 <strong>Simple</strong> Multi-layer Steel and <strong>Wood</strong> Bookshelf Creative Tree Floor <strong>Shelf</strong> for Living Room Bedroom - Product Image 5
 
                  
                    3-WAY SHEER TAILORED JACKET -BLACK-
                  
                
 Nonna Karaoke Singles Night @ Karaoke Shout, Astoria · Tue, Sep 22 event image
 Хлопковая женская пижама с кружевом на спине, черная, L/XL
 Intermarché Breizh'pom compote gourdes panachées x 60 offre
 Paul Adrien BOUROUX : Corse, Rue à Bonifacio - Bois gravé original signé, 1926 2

= = = = = = =

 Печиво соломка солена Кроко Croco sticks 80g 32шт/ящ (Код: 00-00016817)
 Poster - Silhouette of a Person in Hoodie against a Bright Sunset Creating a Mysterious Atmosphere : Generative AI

= = = = = = =

● TO DO: In the listing above, find the line with "Хлопковая женская пижама" and the line with "Paul Adrien BOUROUX"; output exactly those lines and all lines between them.

● ANSWER TO THE EXERCISE:
 Хлопковая женская пижама с кружевом на спине, черная, L/XL
 Intermarché Breizh'pom compote gourdes panachées x 60 offre
 Paul Adrien BOUROUX : Corse, Rue à Bonifacio - Bois gravé original signé, 1926 2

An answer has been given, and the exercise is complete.